GOAL OF THE EXERCISE
Would you repeat each of the lines below exactly?

SUPPLIED INFORMATION
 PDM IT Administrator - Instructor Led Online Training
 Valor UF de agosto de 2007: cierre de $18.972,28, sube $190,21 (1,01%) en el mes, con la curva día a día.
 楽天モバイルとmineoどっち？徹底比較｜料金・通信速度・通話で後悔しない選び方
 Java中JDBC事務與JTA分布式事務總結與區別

WORKED SOLUTION
 PDM IT Administrator - Instructor Led Online Training
 Valor UF de agosto de 2007: cierre de $18.972,28, sube $190,21 (1,01%) en el mes, con la curva día a día.
 楽天モバイルとmineoどっち？徹底比較｜料金・通信速度・通話で後悔しない選び方
 Java中JDBC事務與JTA分布式事務總結與區別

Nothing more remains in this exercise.